Work on your Social Skills
Many photographers have a hard time doing this, and they know it. If you are one of those, then don’t worry, the solution is extremely simple, hire an assistant that has those social skills that are giving you a hard time. Try to look for a person that fits the role of an art director, someone with which people will feel less stressed out when given directions.
This last one is a pro tip that very few professional photographers will ever share with you. Thankfully for you, we are moved the desire of rising the overall quality bar in photography, and we know that this sort of sharing habits are a great way of doing so.
Capture the Natural Expressions
This is easy to say but pretty hard to accomplish, unless you use some trickery. What I do is that I shot the image in the in-betweens of posing, because personally I really like to capture natural expressions rather than static ones.

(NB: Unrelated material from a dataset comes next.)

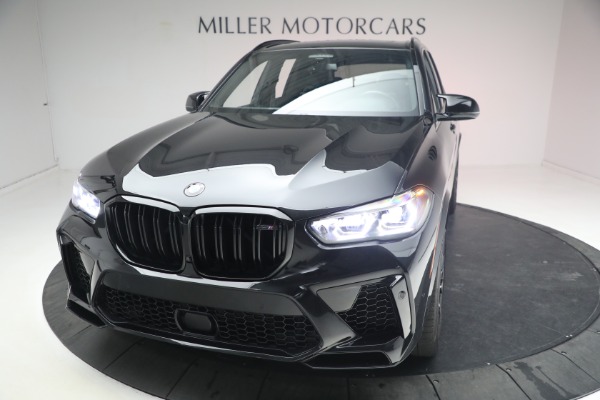 Used 2022 BMW X5 M Competition for sale $93,900 at Alfa Romeo of Greenwich in Greenwich CT 06830 28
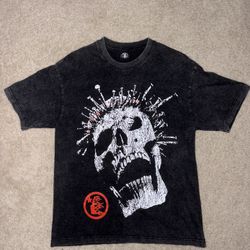 Hellstar T-Shirt Size Small *THROW ME OFFERS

- If you are working just with available light, then this is even easier to achieve. Artificial lighting can give you away, so if you can work with available natural light, it could be pretty useful for you.
- Move forward and use a mirrorless camera system. These cameras are way more silent than chunky DSLRs, and the trickery maneuver is easier to fulfill.

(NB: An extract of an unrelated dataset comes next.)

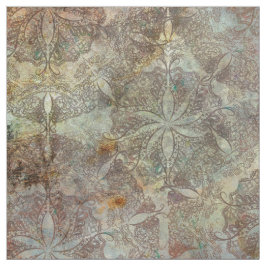  Mandala, Fabric Stof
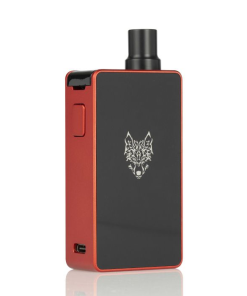 SnowWolf P50 Pod System - Rose Red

- Try to keep a conversation with your subjects, and don’t start shooting right away, keep a slow paced photo-shoot and you’ll get better results.
Ask for References
It is true that you can have your own references at the concept stage, but that works best for personal projects. Every time you work with a client, you should ask for references. You’ll have clients that will tell you that they want “simple looking photographs”, and you notice that they aren’t that simple at all when you ask for references.
By doing this you’ll be guarding your own back, and you’ll have a clearer perspective of what your clients’ expectations are. This way you’ll reduce improvising at the shoot, and everything will go as planned.
Booze Things out a Little
Working with people is always a challenge, and as long as you keep practicing these tricks and tips you’ll eventually find your sweet spot. Professional photography isn’t just about reading recipes, is about finding your own method, and as long as you learn from your own experiences you’ll eventually develop a method that will work right for you.
Whatever you do with photography, never forget to have the time of your life. Enjoy what you do, otherwise it will be pointless.